» **TASK TO CARRY OUT**
Once the line containing "Panel welurowy Pies" is found in the entries below, reproduce it and every line after it, stopping at and including the line containing "Table Basse Ronde"; reproduce nothing else, and keep each line exact.

» **DATA UNDER STUDY**
=== Begin Enclosure ===

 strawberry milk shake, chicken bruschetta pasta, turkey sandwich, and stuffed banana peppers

=== End Enclosure ===
=== Begin Enclosure ===

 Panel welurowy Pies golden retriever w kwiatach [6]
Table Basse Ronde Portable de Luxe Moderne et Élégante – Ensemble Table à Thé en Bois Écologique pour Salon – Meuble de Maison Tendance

=== End Enclosure ===

» **EXPECTED ANSWER**
 Panel welurowy Pies golden retriever w kwiatach [6]
Table Basse Ronde Portable de Luxe Moderne et Élégante – Ensemble Table à Thé en Bois Écologique pour Salon – Meuble de Maison Tendance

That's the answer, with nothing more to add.